(Stored data)
---+---

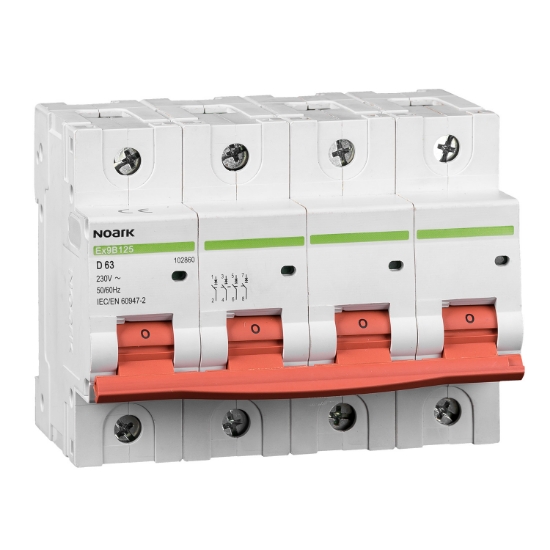 Imagine Mini-întreruptoare automate Ex9B125 4P C100A, 102852, Noark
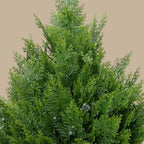 Arborvitae Shrub - TidyPlant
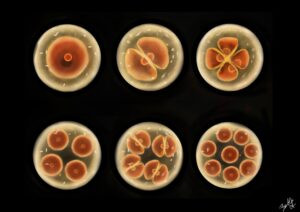 Már élsz – You Are Already Alive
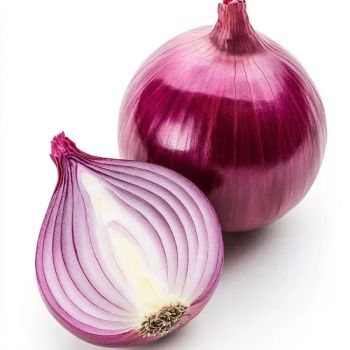 2025 Chinese Fresh Onion Indian Importer Onion Seeds 50kg Mesh Bag Onion for Sale - Jiangsu e.Funs Import & Export Co., Ltd. - China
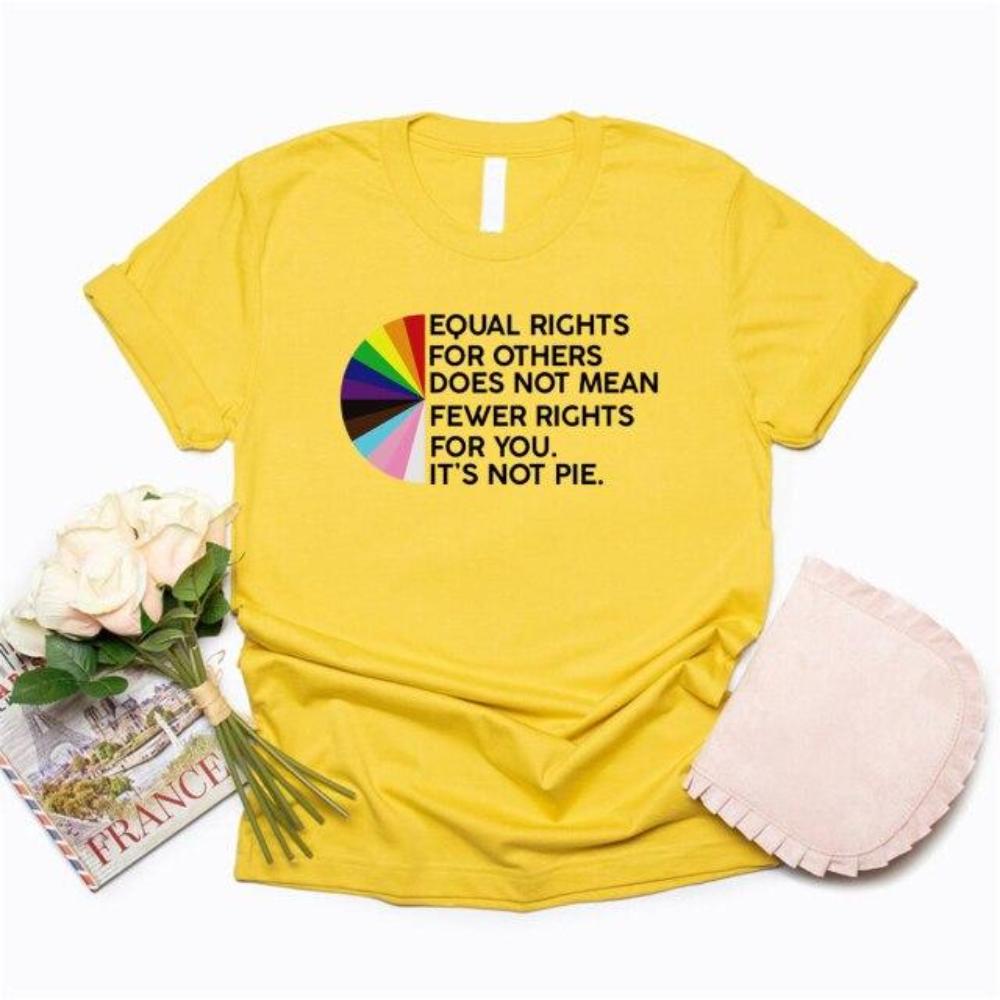 Equal Rights for Others Does Not Mean Fewer Rights for You Shirt It's Not Pie Shirt LGBT Rainbow T-shirt Gay Pride LGBTQ Tshirt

---+---

- Exercise goal
Each record should be quoted exactly, with the images omitted.

- Output below
 Imagine Mini-întreruptoare automate Ex9B125 4P C100A, 102852, Noark
 Arborvitae Shrub - TidyPlant
 Már élsz – You Are Already Alive
 2025 Chinese Fresh Onion Indian Importer Onion Seeds 50kg Mesh Bag Onion for Sale - Jiangsu e.Funs Import & Export Co., Ltd. - China
 Equal Rights for Others Does Not Mean Fewer Rights for You Shirt It's Not Pie Shirt LGBT Rainbow T-shirt Gay Pride LGBTQ Tshirt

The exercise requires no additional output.